Some people have a natural knack for growing plants. They just seem to know what to do and do it. My friend, Bob is one of those people and this is his gorgeous bromeliad, a Neoregelia 'Van Dourme'.
He's had it for eight years and you are seeing the mature suckers that grew up after the mother plant died back. That is supposed to happen and the way that bromeliads grow and propagate in nature. If well taken care of, the mother plant sometimes lives for several years, as it did under Bob's care.
Bromeliads are one of the most interesting and easy to keep of blooming plants that are able to live indoors. Neoregelias are grown mostly for their colorful foliage as they don't have showy bracts like some other bromeliads do. Their bright beauty can grace almost any room. The Neoregelia's flowers are tiny and sweet, and they bloom in the center nest; if you look closely, you can see some sprouting up on Bob's plant.

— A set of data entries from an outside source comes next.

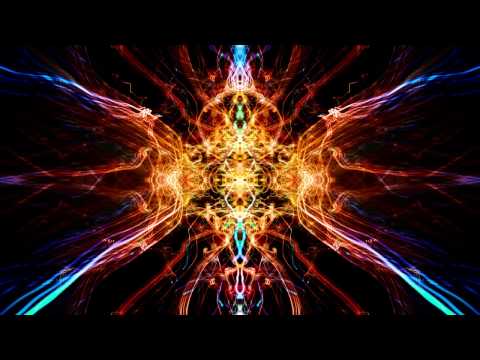 Pete Namlook & David Moufang - Exploration II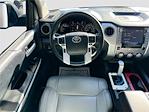 2020 Toyota Tundra CrewMax Cab RWD Pickup for sale #T0118A - photo 20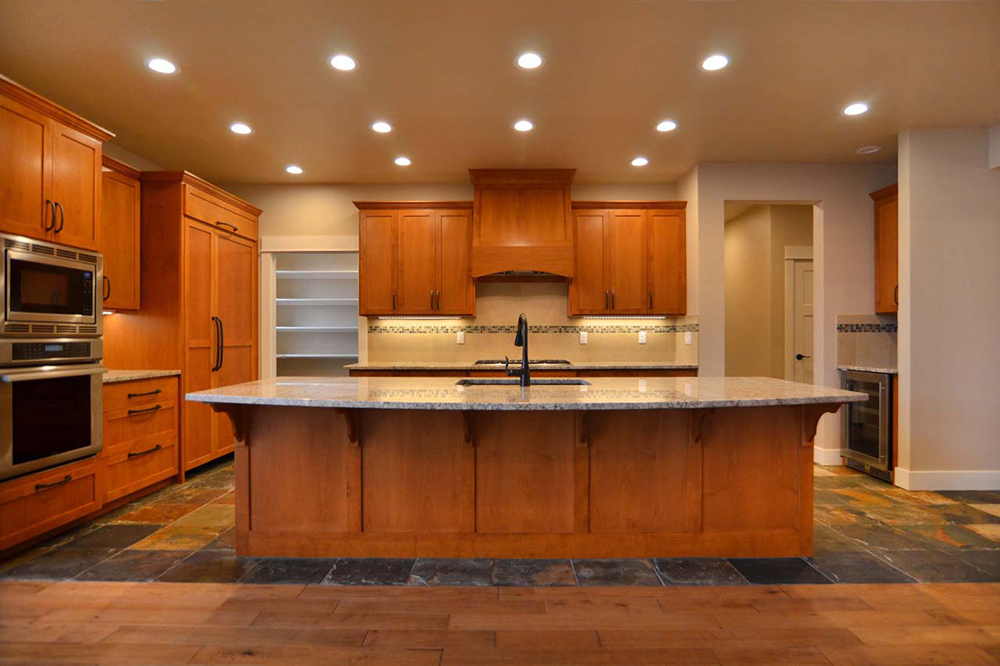 Home Interior Photograph of this 3-Bedroom,3159 Sq Ft Plan -3159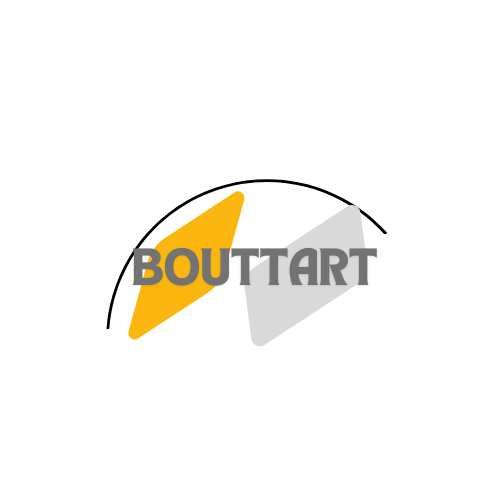 brand-fit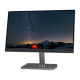 مانیتور لنوو Lenovo L22i-30 سایز 22 اینچ مانیتور لنوو Lenovo L22i-30 سایز 22 اینچ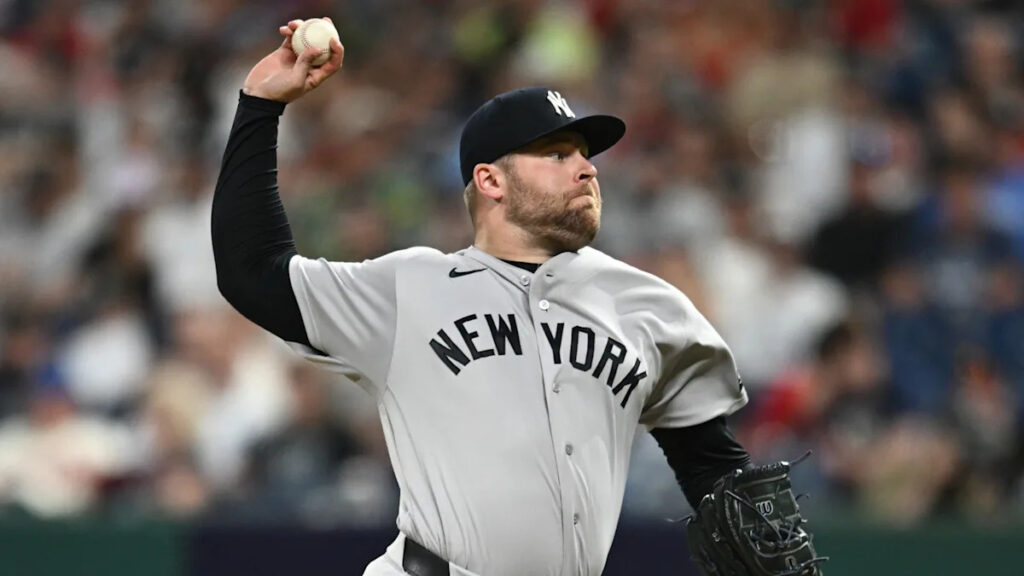 Fantasy Baseball Closer Report: David Bednar on the rise with excellent June
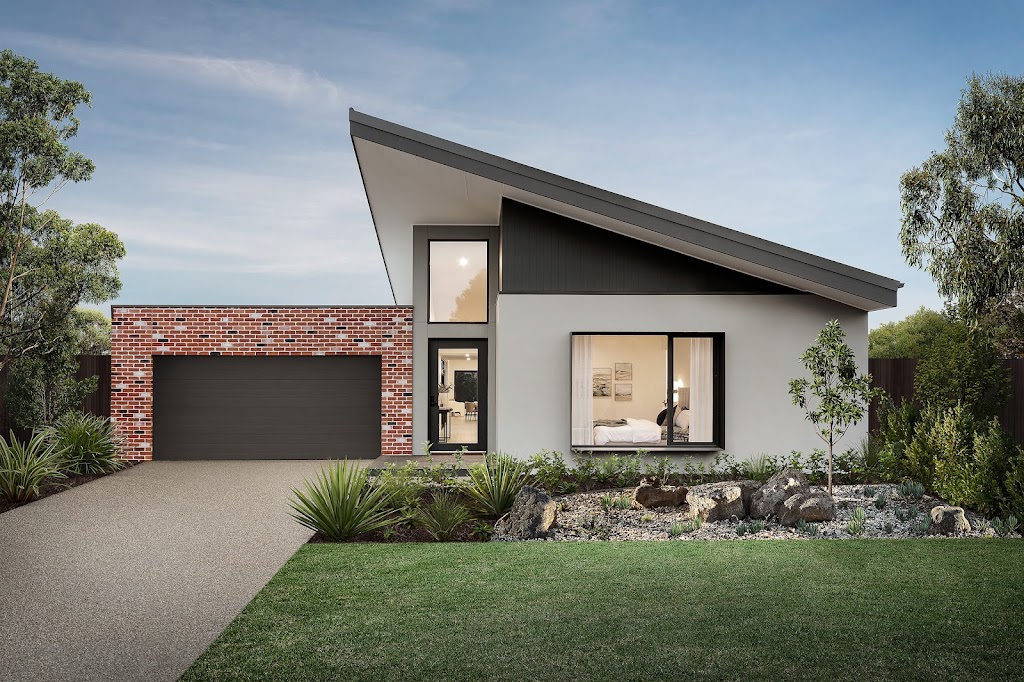 Arden Homes - Armstrong Creek Estate, Mount Duneed | 3 Stream Way, Mount Duneed VIC 3217, Australia | Phone: (03) 8787 1350
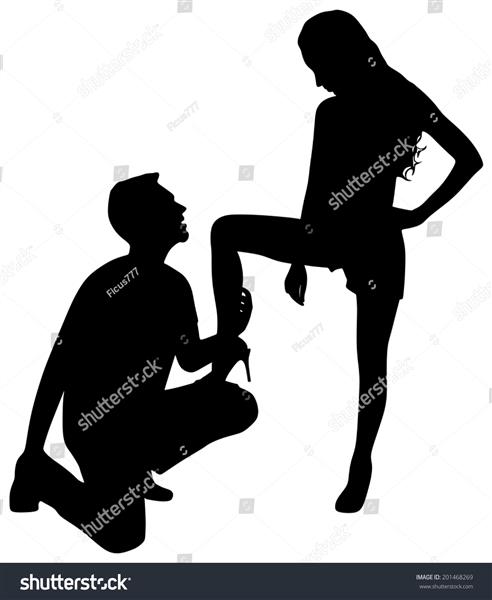 Grote foto zoek leuke vrouw contacten en berichten man zoekt vrouw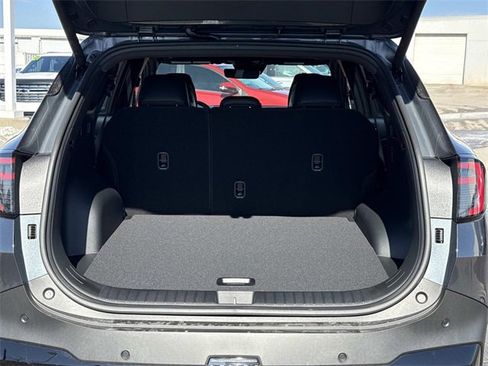 New 2026 Kia Sportage X-Line image 7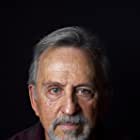 Paul Eiding به عنوان Axiom Passenger #12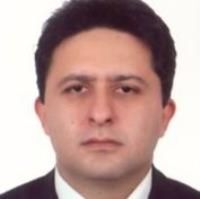 رامبد صمیمی سده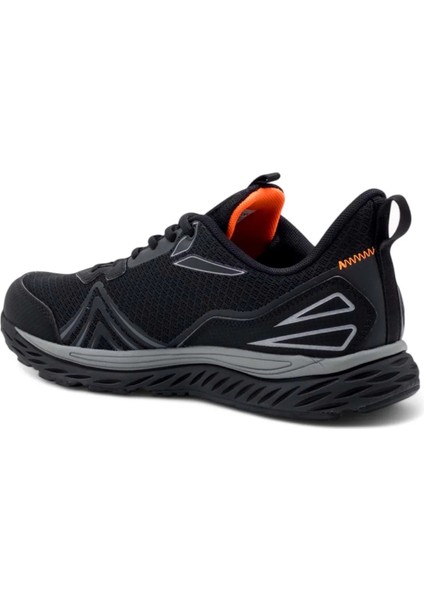 25Y Blast Runner 4 Koşu Ayakkabı fırsatları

- Bright indirect light or some filtered sun. A north facing window can be ideal.
- Water when the top of the soil media is dry. They are usually sold in 6"pots (15 cm) and require about 2 cups (or almost 1/2 liter) of water when necessary. You will probably find they need water between one and two weeks. Factors such as room temperature, the amount of sunlight available, and how much of a root ball they have, will affect how often they need watering. This is true for all houseplants.
- They like a little water kept in their "cup" which is the center of the rosette.
- They do appreciate some humidity by misting or another means but are usually quite tolerant of normal home humidity.
- The Neoregelia can be propagated from suckers or "pups" which are young plants that will start to sprout out on the outside of the mother plant.